Sie hatte zwei Haupt-Zwecke:
1. den Architekten und Ingenieuren ein auskömmliches Honorar für ihre jeweiligen Grundleistungen zu sichern und
2. einen Preiswettbewerb unter Architekten bzw. Ingenieuren zu vermeiden und durch die Regulierung des Honorars einen Qualitätswettbewerb zu fördern.
Spätestens seit dem Urteil des EuGH werden diese beiden Zwecke nicht mehr erfüllt.
Und das ist gut so.
Denn so sind wir Architekten und Ingenieure gezwungen, uns mit denjenigen Fragen zu befassen, welche die HOAI nie beantworten konnte:
Was genau sind die Ergebnisse, die zu den Grundleistungen gehören? Welche Form und welche Qualitäten können diese Ergebnisse haben – und mit welchem Aufwand lassen sie sich erzielen? Und schließlich: zu welchem Preis können wir diese unsere Ergebnisse am Markt anbieten?
Früher galt: das Projekt definierte das Honorar, und das Honorar anhand unserer kalkulatorischen Stundensätze den maximalen Aufwand, den wir in dieses Projekt einbringen durften.
Seit 2019 gilt: das Projekt erfordert von uns, die nötigen Teil-Ergebnisse in Art, Umfang und Qualität zu definieren. Daraus müssen wir den Aufwand ableiten, den wir für diese Ergebnisse haben werden. Und aus diesem Aufwand erfolgt das Honorar, das wir anbieten können. Dazu braucht es keine Honorartabellen, Honorarsätze oder dergleichen.
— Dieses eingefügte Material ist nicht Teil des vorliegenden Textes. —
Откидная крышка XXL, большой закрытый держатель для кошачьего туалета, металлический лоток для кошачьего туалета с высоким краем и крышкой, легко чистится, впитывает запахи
Wir müssen uns mit den Ergebnissen und dem Aufwand dafür auseinandersetzen.
Nun ja, wer auch immer die HOAI getötet hat – Nietsche war’s diesmal nicht -, obwohl auch die HOAI von vielen Architekten in nahezu apotheotischer Manier in den Himmel gehoben wurde und wohl immer noch würde, wenn Sie denn aktuell angemessene Honorare ausweisen würde.
Schon lange vor der HOAI21, die mit Wegfall jeglicher Verbindlichkeit, mit Ausnahme derer, die vertraglich vereinbar wird, faktisch nur noch ein Poesiealbum für fromme Wünsche geworden ist, reichten die damals noch preisregelhaften Honorare unter den Bedingungen eines durch Fachkräftemangel modifizierten Arbeitsmarktes und entsprechenden Personenkostendrucks auf die Büros längst nicht mehr für eine auskömmliche, geschweige denn eine angemessene Leistungsabrechnung aus.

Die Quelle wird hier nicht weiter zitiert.